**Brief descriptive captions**
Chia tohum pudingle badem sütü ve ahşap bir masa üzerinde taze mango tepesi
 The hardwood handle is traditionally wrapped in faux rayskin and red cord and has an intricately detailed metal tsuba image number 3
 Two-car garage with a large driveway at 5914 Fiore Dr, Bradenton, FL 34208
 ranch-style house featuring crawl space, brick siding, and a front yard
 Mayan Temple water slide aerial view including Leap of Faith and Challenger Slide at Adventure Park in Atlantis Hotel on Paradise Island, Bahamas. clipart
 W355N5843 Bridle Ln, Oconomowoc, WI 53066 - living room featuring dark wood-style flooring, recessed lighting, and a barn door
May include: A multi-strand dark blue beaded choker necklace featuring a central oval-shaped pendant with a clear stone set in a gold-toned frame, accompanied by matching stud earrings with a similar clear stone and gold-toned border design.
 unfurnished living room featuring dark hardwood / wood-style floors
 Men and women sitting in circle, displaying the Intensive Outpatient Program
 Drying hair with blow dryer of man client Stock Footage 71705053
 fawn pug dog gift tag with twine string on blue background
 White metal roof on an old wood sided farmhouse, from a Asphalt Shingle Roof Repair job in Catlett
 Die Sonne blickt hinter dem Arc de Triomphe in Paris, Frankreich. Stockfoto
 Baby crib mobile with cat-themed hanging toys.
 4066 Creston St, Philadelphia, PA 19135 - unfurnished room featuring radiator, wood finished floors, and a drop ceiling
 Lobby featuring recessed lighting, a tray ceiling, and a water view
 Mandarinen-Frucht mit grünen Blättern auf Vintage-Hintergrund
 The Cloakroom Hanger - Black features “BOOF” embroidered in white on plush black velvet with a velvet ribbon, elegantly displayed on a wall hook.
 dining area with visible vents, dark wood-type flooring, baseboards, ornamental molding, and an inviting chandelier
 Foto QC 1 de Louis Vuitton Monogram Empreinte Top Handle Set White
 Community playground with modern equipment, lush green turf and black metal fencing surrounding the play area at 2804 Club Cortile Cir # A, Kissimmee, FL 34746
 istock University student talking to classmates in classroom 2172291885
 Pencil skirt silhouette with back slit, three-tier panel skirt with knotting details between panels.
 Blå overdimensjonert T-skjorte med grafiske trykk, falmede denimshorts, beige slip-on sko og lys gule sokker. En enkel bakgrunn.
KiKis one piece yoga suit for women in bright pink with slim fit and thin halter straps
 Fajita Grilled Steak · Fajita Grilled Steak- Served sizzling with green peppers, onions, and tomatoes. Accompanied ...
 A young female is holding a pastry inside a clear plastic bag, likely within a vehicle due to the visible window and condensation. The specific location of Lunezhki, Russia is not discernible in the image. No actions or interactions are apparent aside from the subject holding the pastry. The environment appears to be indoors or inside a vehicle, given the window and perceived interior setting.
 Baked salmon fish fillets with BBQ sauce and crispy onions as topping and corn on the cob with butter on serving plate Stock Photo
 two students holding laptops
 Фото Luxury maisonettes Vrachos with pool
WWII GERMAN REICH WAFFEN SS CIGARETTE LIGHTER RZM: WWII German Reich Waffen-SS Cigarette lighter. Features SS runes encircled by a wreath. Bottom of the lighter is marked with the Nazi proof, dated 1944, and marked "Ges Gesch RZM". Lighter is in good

**Work task**
Reproduce the entries in full, exactly as written.

**Result**
Chia tohum pudingle badem sütü ve ahşap bir masa üzerinde taze mango tepesi
 The hardwood handle is traditionally wrapped in faux rayskin and red cord and has an intricately detailed metal tsuba image number 3
 Two-car garage with a large driveway at 5914 Fiore Dr, Bradenton, FL 34208
 ranch-style house featuring crawl space, brick siding, and a front yard
 Mayan Temple water slide aerial view including Leap of Faith and Challenger Slide at Adventure Park in Atlantis Hotel on Paradise Island, Bahamas. clipart
 W355N5843 Bridle Ln, Oconomowoc, WI 53066 - living room featuring dark wood-style flooring, recessed lighting, and a barn door
May include: A multi-strand dark blue beaded choker necklace featuring a central oval-shaped pendant with a clear stone set in a gold-toned frame, accompanied by matching stud earrings with a similar clear stone and gold-toned border design.
 unfurnished living room featuring dark hardwood / wood-style floors
 Men and women sitting in circle, displaying the Intensive Outpatient Program
 Drying hair with blow dryer of man client Stock Footage 71705053
 fawn pug dog gift tag with twine string on blue background
 White metal roof on an old wood sided farmhouse, from a Asphalt Shingle Roof Repair job in Catlett
 Die Sonne blickt hinter dem Arc de Triomphe in Paris, Frankreich. Stockfoto
 Baby crib mobile with cat-themed hanging toys.
 4066 Creston St, Philadelphia, PA 19135 - unfurnished room featuring radiator, wood finished floors, and a drop ceiling
 Lobby featuring recessed lighting, a tray ceiling, and a water view
 Mandarinen-Frucht mit grünen Blättern auf Vintage-Hintergrund
 The Cloakroom Hanger - Black features “BOOF” embroidered in white on plush black velvet with a velvet ribbon, elegantly displayed on a wall hook.
 dining area with visible vents, dark wood-type flooring, baseboards, ornamental molding, and an inviting chandelier
 Foto QC 1 de Louis Vuitton Monogram Empreinte Top Handle Set White
 Community playground with modern equipment, lush green turf and black metal fencing surrounding the play area at 2804 Club Cortile Cir # A, Kissimmee, FL 34746
 istock University student talking to classmates in classroom 2172291885
 Pencil skirt silhouette with back slit, three-tier panel skirt with knotting details between panels.
 Blå overdimensjonert T-skjorte med grafiske trykk, falmede denimshorts, beige slip-on sko og lys gule sokker. En enkel bakgrunn.
KiKis one piece yoga suit for women in bright pink with slim fit and thin halter straps
 Fajita Grilled Steak · Fajita Grilled Steak- Served sizzling with green peppers, onions, and tomatoes. Accompanied ...
 A young female is holding a pastry inside a clear plastic bag, likely within a vehicle due to the visible window and condensation. The specific location of Lunezhki, Russia is not discernible in the image. No actions or interactions are apparent aside from the subject holding the pastry. The environment appears to be indoors or inside a vehicle, given the window and perceived interior setting.
 Baked salmon fish fillets with BBQ sauce and crispy onions as topping and corn on the cob with butter on serving plate Stock Photo
 two students holding laptops
 Фото Luxury maisonettes Vrachos with pool
WWII GERMAN REICH WAFFEN SS CIGARETTE LIGHTER RZM: WWII German Reich Waffen-SS Cigarette lighter. Features SS runes encircled by a wreath. Bottom of the lighter is marked with the Nazi proof, dated 1944, and marked "Ges Gesch RZM". Lighter is in good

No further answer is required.